People will always claim their religion, their cultures religion, offers all the same tools, and truths. So why look elsewhere? But that is only truly known by those who have looked outside their own belief system. It is simply an assumption otherwise. The assumption is based on a particular understanding, or perspective, on that religion that we falsely assume is the accurate one. If unquestioned and unexamined the individual is fated to live and die in the same ignorance.
That is why it seems so obvious that the most crucial thing we can ever suggest to others or ourselves is to Question Absolutely Everything. . . .every belief, every idea, every piece of dogma. . . .every-thing.

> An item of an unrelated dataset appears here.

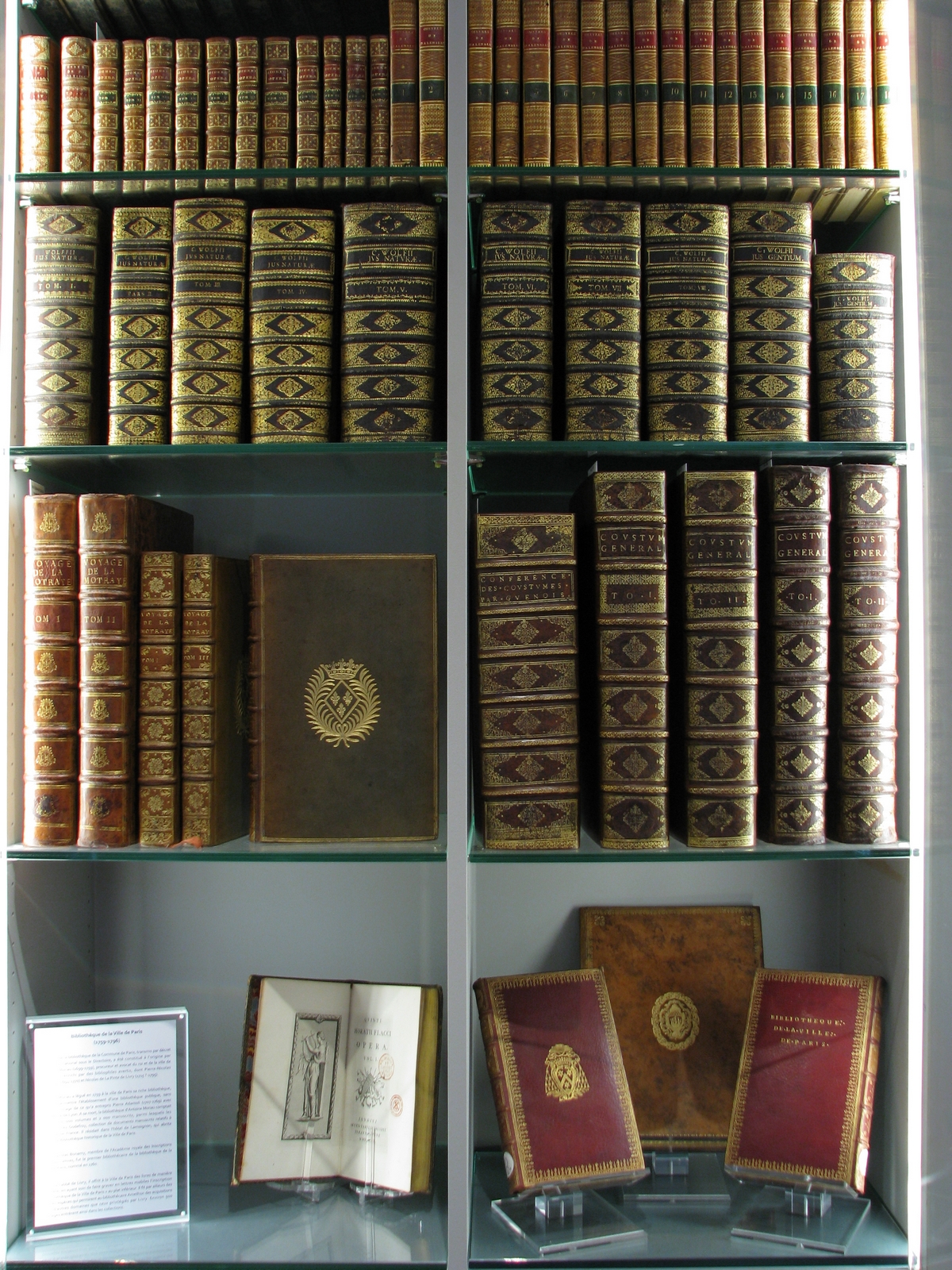 Livres anciens de la bibliothèque. © Bibliothèque de l'Institut de France /Olivier Thomas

The next day we went back to little India and spent the afternoon there. We walked by an old fortuneteller, and she asked my to lift up the small birdcage on her table. . . .she gave it a tap, and a small green bird waddles out and picks up a small Chinese envelope out of a group of about 20 or so laid out across the table. She hands it to me and asks me to open it. . . .it is a large picture of Shiva. She then asks me to lean over, taps my head, does some blessing, and sends me on my way.
Oddly enough I had another older man come up to me a few hours later while I was shopping. . .he was staring up at me with a very stern look, as if he was looking over a pair of reading glasses. I figured he would ask me how tall I was, or if I play basketball. Instead he said pointed at me and said, Shiva will help you. . .and walked off.
Ah-so, just another day in little India.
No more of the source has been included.